The judicial system is challenging enough to navigate. The entire process of being questioned for a crime is meant to disorient a person into revealing the truth. There are very few protocols in place to cater to a person with different communication needs. There are very few police departments or courts set up to recognize a person on the autism spectrum. Even those who may understand that the person they are detaining is on the spectrum may not have the skillset or care enough to make provisions for that person.
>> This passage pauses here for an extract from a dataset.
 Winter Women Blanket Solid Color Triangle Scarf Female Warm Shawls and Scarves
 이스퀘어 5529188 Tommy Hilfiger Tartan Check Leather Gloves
Finding a guide for the process
When a person with autism is charged with a crime, they need every person in their case to have the most basic knowledge of addressing their special needs. This experience has to extend to their attorney, law enforcement, the presiding judge and anyone else interacting with them. Here are some of the provisions that a person with autism needs to get fair treatment:
- An autism spectrum diagnosis or the presence of autism tendencies are essential pieces of information for police and other personnel.
- This diagnosis is as important as any other cognitive or psychiatric condition, no matter how high functioning or articulate a person might be.
- A family member, medical professional or someone that knows the person well needs to describe how the person thinks, communicates and reacts to the way people behave around them or bring across information.
- Each person is unique, so the aid of someone who knows them well is crucial.
Giving someone their best chance at fair treatment
The lack of familiarity and a heightened emotional state could create a highly variable communication. Some may not even be able to speak under these conditions. Don’t let the legal system mistreat a person with autism. Make sure that your relative gets the best treatment available under the law.